Out of the corner of my eye, I can catch the bastard going for a button and then a quick clicking noise behind me spools up. Next, I swear I feel a lethal, carcinogenic, gamma pulse working its way through my chest; recruiting cells to take up the fight and revolt like some cancerous Paul Revere.
In an instant he's back in the room, smiling. He tells me to put my shirt back and I remember how to ask 'How much?' in broken Japanese. Looking back on the scene I must've appeared like a first time prostitute without much confidence: standing shyly after an unpleasant experience and snapping my shirt back on while hoping that he'll cut me a fair price.
To set a fair comparison, Wilkes Regional Medical Center gave me a quote. $148 dollars for the x-ray plus technician's fees and 3 days to process. The doctor told me it would be 2,000 yen, roughly 20 US dollars, and if I waited for 5 minutes, then the receptionist would bring everything I needed right out.
Sure. I can live with that.

Sunday, September 14, 2008

The Begining

My name is Nathaniel Hanks: 22 years old, tall and adorable. I grew up in western North Carolina, graduated from Appstate University and put on my big boy pants to find a job that pays.
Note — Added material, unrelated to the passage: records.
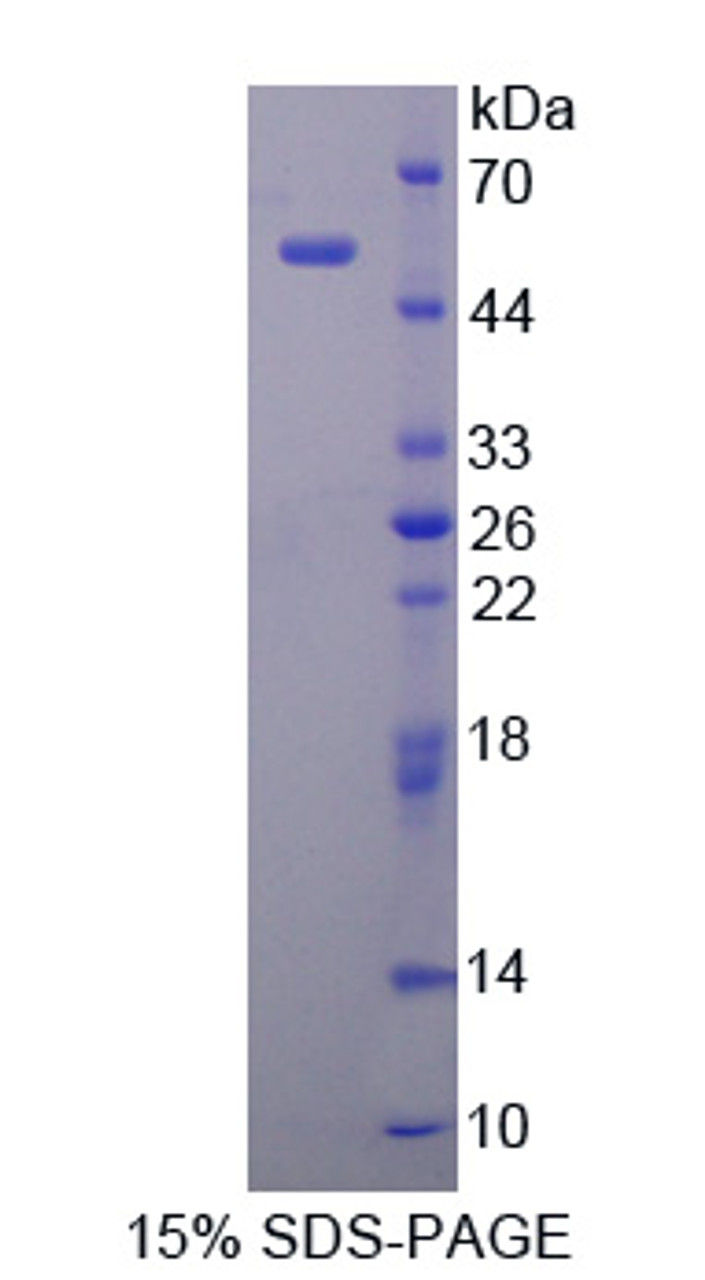 Human Recombinant Palate/Lung And Nasal Epithelium Associated Protein (PLUNC)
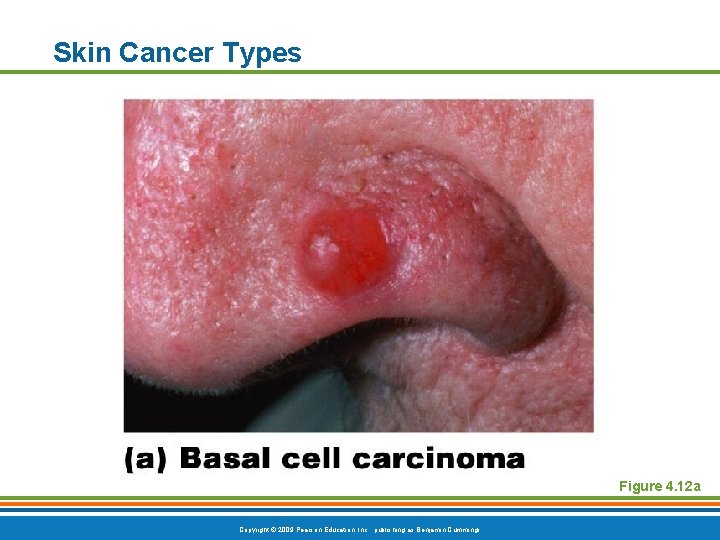 Skin Cancer Types Figure 4. 12 a Copyright © 2009 Pearson Education, Inc. ,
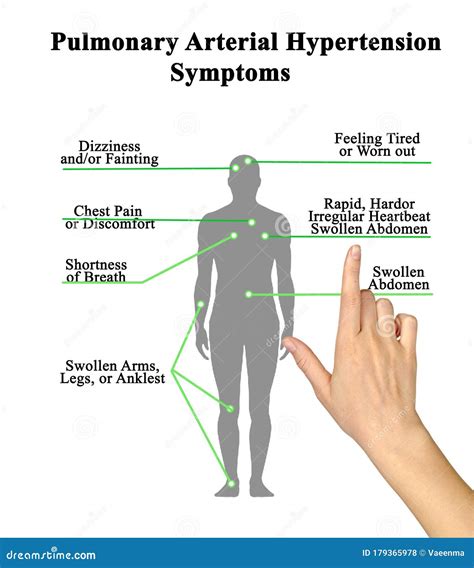 Pulmonary Arterial Hypertension Symptoms Stock Photo Image Of
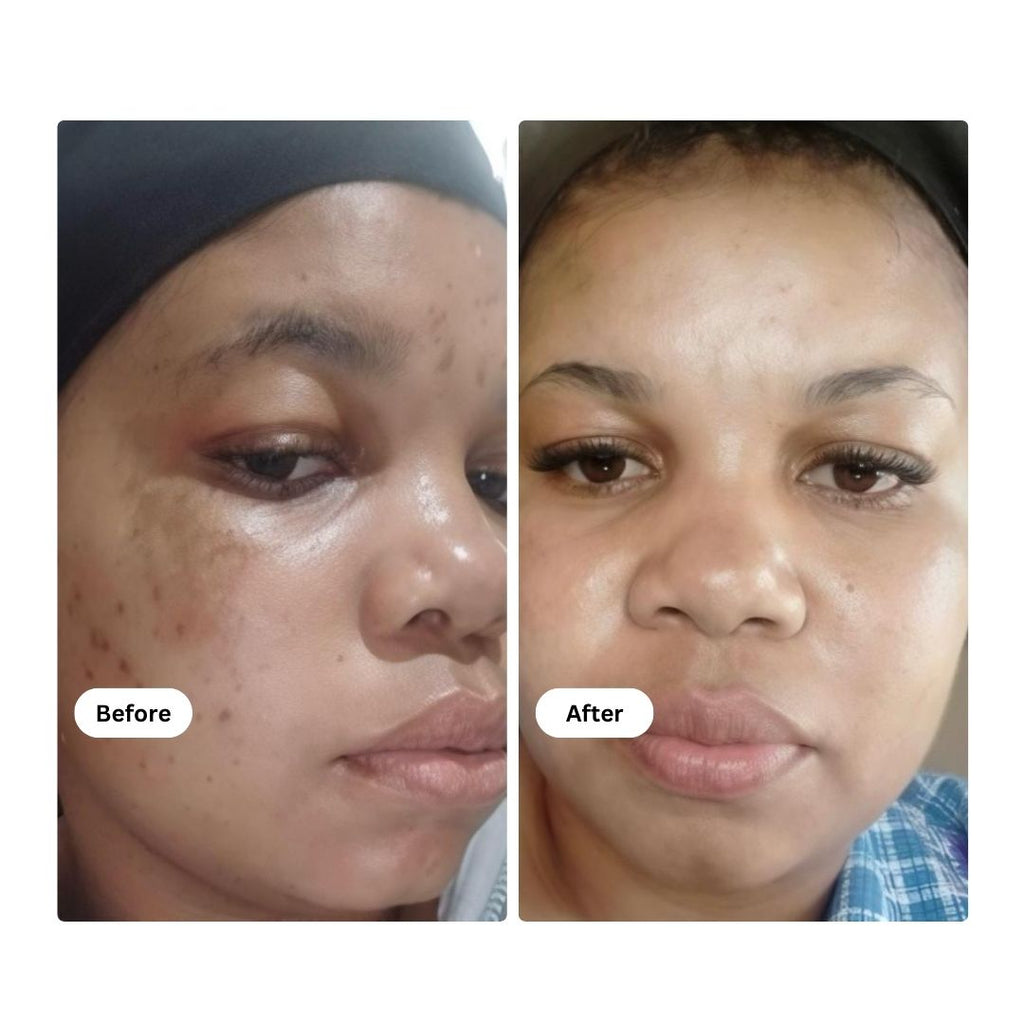 Before and after comparison of a person's face with visible skin improvement.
The job, teaching english as a second language to kids and adults in Osaka, Japan. Will I exploit this unique opportunity of mine to create some entertaining blogtent? Yes. Did I make up the word blogtent? I think so. With the introduction aside, let it begin. Cultural friction, Big city livin for a kid from the sticks, Ninja Warrior ambitions and the fumblings of a foreigner all swirl together in a perfect storm of material. Kampai!